Today marks the 43rd anniversary of the first adult human-to-human heart transplant in the United States, at Stanford University School of Medicine in Palo Alto, California, under the direction of Dr. Norman Shumway. The unidentified 54-year-old patient, who received the heart of a 43-year-old man, died 15 days later of multiple systemic complications. The very first human-to-human heart transplant operation had been performed just a few weeks earlier, in South Africa, by Dr. Christiaan Barnard, who had consequently become an international celebrity. The operations launched a virtual “space race” in risky heart operations, with doctors on several continents one-upping each other.

The frenzy over (and frequency of) heart transplants only intensified during the period 1968-70, before backing off for some years. In this early, “heroic” period, however, the focus on the heart reflected larger cultural preoccupations with the human body– with knowing about it, visualizing it, exposing it, really seeing it in new and sometimes shocking ways.

life-heart1One of the most vivid reflections of this new obsession with the body and its “mysteries” was to be found in the startling images made by Swedish photographer Lennart Nilsson (born 1922). His series of photographs of living human fetuses, published in 1965 in LIFE magazine, had an extraordinary–and probably still unmeasured–impact on public consciousness about reproduction and contraception. LIFE sold millions of copies of its issue with the Nilsson photos, and may have hoped to have a similar effect with this issue, from January 19, 1968, with a ten-page spread of still amazing photos of the inside of a beating human heart.
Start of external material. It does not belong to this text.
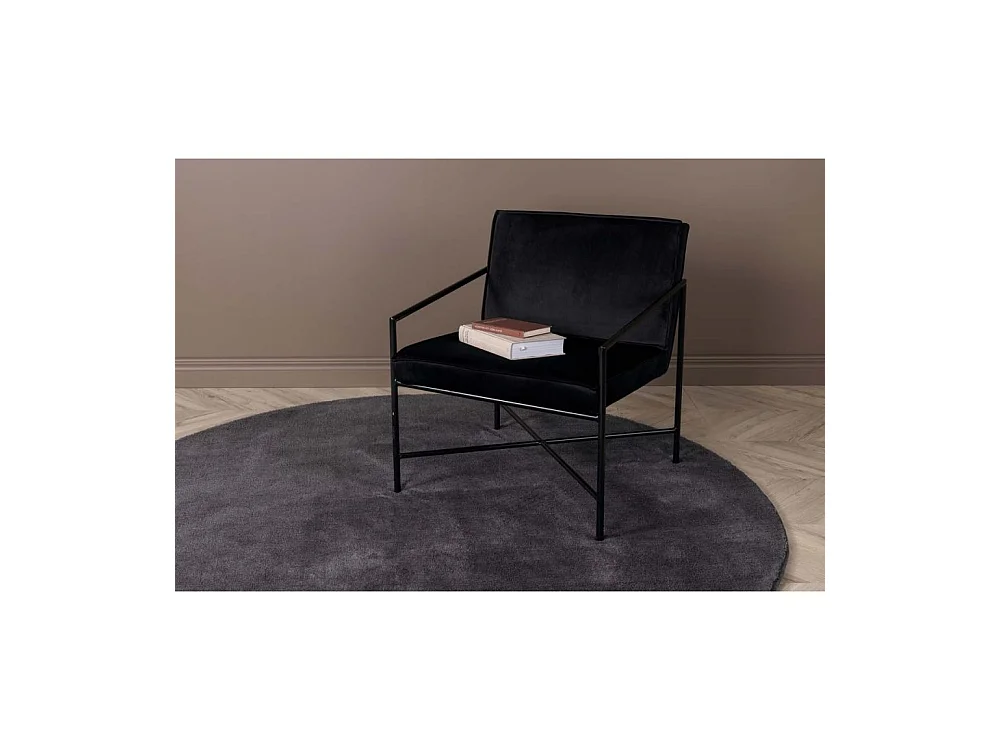 Tapis Déco Rond "Undra" 200cm Gris Foncé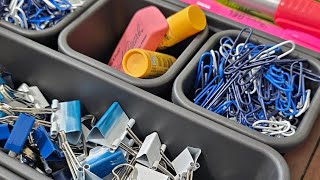 Desk Drawer Dividers to Organize Review #founditonamazon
Eerily lit and enlarged to fit on LIFE-sized pages, the photos are stunningly reminiscent of the 1966 science-fiction film Fantastic Voyage, about a nano-journey by scientists through the human body. There is, in this January 1968 issue, barely a glimmer of the horrors of the year to come: not a single mention about the war, or civil rights, and only a few bouyant pieces about the emerging presidential race. There’s an article about the boys in the cast of Oliver!, then in production, and critic Richard Schickel’s review (lukewarm) of The Graduate.

Trumping all the news and reviews are those blood-red photos of a beating heart. It’s hard to overstate the extent to which Nilsson’s photographs changed the way we saw the world. In the article that accompanies the photos, LIFE’s staff writer Loudon Wainwright, Jr. (the singer/songwriter’s father) writes: ”The heart. Before, when it wore out, that was the end. Death. But just in the past month, a new operation–taking a healthy heart from a newly dead person and planting it in a person whose heart was failing–has stirred the world. It is a wondrous beginning, but in that beginning failure is almost certain.”